B - O Estado Português, ao entregar aos autores a totalidade do valor adquirido, de que os autores deram quitação, não ficou para si com valor algum. Ora, em sede de indemnização por danos patrimoniais, apenas se pode fixar o valor dos prejuízos que se encontrem efetivamente comprovados e que correspondam à efetiva diminuição do património.
C - Cabendo aos autores alegar e provar todos os factos consubstanciadores dos pressupostos da responsabilidade civil extracontratual, enquanto constitutivos do direito que assim pretendem fazer valer na ação, nos termos do artigo 342° do Código Civil.

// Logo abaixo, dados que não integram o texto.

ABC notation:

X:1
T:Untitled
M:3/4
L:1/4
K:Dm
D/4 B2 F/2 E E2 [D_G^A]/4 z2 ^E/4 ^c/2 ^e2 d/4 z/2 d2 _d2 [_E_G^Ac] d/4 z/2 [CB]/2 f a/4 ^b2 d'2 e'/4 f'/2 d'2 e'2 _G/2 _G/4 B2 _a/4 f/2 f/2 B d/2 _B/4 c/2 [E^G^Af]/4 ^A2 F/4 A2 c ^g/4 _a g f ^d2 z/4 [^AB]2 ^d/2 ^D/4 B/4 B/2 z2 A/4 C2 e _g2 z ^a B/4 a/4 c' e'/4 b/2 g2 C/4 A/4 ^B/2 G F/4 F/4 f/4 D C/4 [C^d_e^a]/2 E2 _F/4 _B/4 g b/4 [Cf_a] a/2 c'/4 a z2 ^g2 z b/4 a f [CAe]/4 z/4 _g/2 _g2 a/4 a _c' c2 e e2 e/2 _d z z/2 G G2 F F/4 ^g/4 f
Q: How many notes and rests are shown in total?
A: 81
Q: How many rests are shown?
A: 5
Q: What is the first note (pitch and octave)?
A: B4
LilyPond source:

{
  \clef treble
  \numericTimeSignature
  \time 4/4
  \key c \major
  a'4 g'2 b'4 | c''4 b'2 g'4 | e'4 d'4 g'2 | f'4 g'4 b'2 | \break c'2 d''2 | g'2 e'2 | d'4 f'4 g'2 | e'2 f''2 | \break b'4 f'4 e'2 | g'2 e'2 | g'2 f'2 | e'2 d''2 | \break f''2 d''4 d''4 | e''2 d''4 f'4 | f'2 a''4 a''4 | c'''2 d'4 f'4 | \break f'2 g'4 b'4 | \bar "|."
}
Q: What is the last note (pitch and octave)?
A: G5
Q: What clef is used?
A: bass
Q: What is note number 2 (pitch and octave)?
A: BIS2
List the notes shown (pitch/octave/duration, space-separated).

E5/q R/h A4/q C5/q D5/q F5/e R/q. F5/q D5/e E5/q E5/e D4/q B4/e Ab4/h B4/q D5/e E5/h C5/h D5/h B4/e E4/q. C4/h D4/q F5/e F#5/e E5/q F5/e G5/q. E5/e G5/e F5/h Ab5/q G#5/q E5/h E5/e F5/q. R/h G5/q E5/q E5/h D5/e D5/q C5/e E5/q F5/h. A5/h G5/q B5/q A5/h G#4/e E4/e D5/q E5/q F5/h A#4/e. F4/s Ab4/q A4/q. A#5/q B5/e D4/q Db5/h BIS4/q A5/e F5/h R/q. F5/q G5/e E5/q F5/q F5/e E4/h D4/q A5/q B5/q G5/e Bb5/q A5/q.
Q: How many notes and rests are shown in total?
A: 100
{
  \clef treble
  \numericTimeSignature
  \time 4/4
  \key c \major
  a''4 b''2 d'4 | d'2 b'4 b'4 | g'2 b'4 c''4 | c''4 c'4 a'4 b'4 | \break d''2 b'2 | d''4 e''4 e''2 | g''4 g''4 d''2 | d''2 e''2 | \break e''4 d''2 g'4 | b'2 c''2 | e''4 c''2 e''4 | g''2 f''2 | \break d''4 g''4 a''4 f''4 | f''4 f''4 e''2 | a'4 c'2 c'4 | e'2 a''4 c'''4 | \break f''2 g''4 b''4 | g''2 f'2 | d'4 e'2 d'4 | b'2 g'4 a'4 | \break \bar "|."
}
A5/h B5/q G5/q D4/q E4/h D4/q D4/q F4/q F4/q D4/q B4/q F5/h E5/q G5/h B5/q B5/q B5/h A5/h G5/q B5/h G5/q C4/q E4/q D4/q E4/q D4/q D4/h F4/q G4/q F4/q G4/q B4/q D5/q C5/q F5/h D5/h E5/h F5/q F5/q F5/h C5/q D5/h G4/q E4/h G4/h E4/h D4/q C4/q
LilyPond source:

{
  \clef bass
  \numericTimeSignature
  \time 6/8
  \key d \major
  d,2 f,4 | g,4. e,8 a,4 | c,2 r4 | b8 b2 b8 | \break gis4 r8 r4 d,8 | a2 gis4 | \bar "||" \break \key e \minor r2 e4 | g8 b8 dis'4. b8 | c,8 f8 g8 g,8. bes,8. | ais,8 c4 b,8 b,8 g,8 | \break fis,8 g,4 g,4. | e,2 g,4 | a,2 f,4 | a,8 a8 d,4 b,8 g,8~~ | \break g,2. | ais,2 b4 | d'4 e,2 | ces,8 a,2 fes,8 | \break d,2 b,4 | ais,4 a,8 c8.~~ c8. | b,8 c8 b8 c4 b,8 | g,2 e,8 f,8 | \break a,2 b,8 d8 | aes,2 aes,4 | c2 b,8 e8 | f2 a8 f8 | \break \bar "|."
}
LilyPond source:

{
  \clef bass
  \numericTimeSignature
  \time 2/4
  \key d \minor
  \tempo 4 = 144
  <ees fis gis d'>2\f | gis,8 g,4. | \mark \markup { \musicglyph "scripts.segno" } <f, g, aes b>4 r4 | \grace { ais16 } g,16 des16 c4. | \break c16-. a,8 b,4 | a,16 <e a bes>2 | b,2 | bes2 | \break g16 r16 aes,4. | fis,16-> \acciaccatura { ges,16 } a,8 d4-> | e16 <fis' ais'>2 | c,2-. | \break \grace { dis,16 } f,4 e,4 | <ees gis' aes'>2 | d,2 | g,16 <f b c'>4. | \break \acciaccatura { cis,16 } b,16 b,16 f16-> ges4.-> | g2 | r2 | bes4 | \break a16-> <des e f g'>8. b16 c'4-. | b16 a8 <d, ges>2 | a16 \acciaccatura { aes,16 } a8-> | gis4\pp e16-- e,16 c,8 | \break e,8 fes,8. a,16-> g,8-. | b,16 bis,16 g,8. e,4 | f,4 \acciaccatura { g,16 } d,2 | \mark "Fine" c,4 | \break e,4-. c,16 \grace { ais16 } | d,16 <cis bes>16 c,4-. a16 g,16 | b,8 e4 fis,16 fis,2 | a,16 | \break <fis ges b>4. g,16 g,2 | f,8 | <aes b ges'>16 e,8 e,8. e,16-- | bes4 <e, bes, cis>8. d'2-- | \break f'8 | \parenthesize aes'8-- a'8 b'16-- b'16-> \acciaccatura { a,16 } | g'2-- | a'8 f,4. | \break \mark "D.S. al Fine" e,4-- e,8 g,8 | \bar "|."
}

D - O valor de mercado distingue-se do valor patrimonial tributário, uma vez que entra em linha de conta com toda um apanágio de diversos elementos desde a álea, a divisão da fração, localização, ano de construção, área, qualidade de acabamentos, estado da edificação, espaços exteriores ou comuns, certificado energético, luminosidade, entre outros possíveis fatores.
E - O recurso ao valor patrimonial tributário (VPT) para fundamentar o "quantum" dos danos patrimoniais assentou num juízo de equidade, que a lei não consagra, nem admite.
F - Trata-se de um valor que apenas releva para efeitos tributários e que não pode, sem mais, ser utilizado para efeitos de determinar o montante dos eventuais danos patrimoniais sofridos pelos autores.
G - Tendo a douta sentença recorrida considerado que não é possível averiguar o valor de mercado do imóvel, não pode utilizar o valor patrimonial tributário do imóvel para quantificar o dano sofrido pelos autores decorrente da sua venda.
H - O valor do prejuízo dos autores corresponde à vantagem patrimonial que o Estado obteve com a venda judicial do imóvel, pelo que o "dano indemnizável" não pode ir para além do que foi o preço de venda do imóvel e que, como se disse, já se encontra restituído na sua totalidade.
I - Todavia, mesmo que assim não fosse, nunca se poderia recorrer ao VPT para fixar o valor de mercado do imóvel, uma vez que fornecem os autos melhores elementos para alcançar tal desiderato.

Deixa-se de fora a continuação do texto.